§ **DATA SECTION**
------------------------------------------------------------

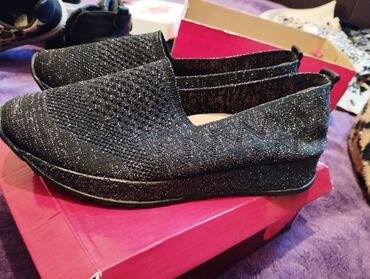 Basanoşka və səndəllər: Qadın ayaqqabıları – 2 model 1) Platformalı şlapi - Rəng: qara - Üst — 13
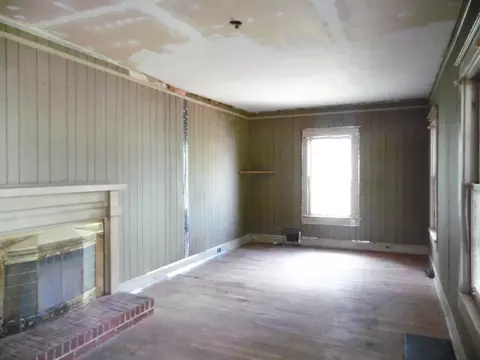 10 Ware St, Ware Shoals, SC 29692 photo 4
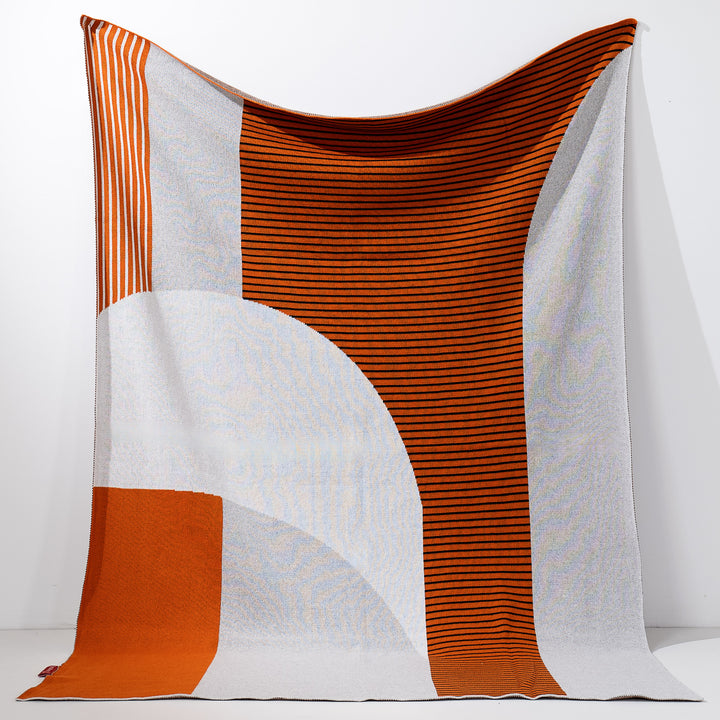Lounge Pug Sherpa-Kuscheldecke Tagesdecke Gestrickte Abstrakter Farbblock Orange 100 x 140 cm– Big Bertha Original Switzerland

------------------------------------------------------------

§ **DIRECTIONS**
Every line of the data above should be returned exactly, with the pictures removed.

§ **SOLUTION TO THIS PROBLEM**
 Basanoşka və səndəllər: Qadın ayaqqabıları – 2 model 1) Platformalı şlapi - Rəng: qara - Üst — 13
 10 Ware St, Ware Shoals, SC 29692 photo 4
Lounge Pug Sherpa-Kuscheldecke Tagesdecke Gestrickte Abstrakter Farbblock Orange 100 x 140 cm– Big Bertha Original Switzerland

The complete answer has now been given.